A full European embargo on Russian energy supplies will drive inflation in the U.K. even higher than the 40 year record that it is on track to reach, the Bank of England’s chief economist said.

Speaking to CNBC, Huw Pill said there are “upside risks” to consumer prices if the European Union steps up efforts to sanction oil and natural gas imports from Russia in response to its invasion of Ukraine.

The BOE’s forecast for inflation to peak at 10.2% in October, the highest since 1982. That assumes energy costs stabilize, but that could be undermined “if we were to see embargos on Russian gas and oil,” Pill told CNBC.

The EU has drawn up plans to phase out all Russian oil imports by the end of the year and pressure is growing for it to sanction gas imports as well. There are further fears that Russia may decided to turn off the taps to force the west to the negotiating table over the war in Ukraine.

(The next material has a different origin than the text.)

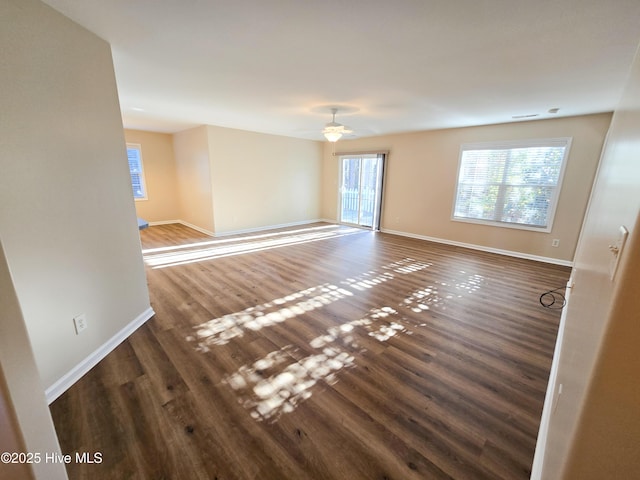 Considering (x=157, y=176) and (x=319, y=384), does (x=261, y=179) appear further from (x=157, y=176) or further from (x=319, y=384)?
(x=319, y=384)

Pill added that the U.K.’s tight labor market posed a further upside risk to inflation. Wages have been rising far more quickly than the BOE forecast just three months ago and Pill said domestically generated inflation pressures could build.

“We have been surprised by the strength in the labor market—and expect it to tighten further,” Pill said. “So there are second round effects. There is a risk that inflation becomes more self-sustaining—and that is something we have to guard against.”

He rejected comparisons with 1970s stagflation, despite BOE’s the forecast showing double digit inflation and flat growth for two years.

“We are not headed in that direction,“ Pill said. “The reason is that the monetary framework—introduced 25 years ago—has been transformational” and policy makers now are adept at spotting and fighting inflation. 

The BOE was given operational independence over monetary policy, with a clear inflation target, in 1997.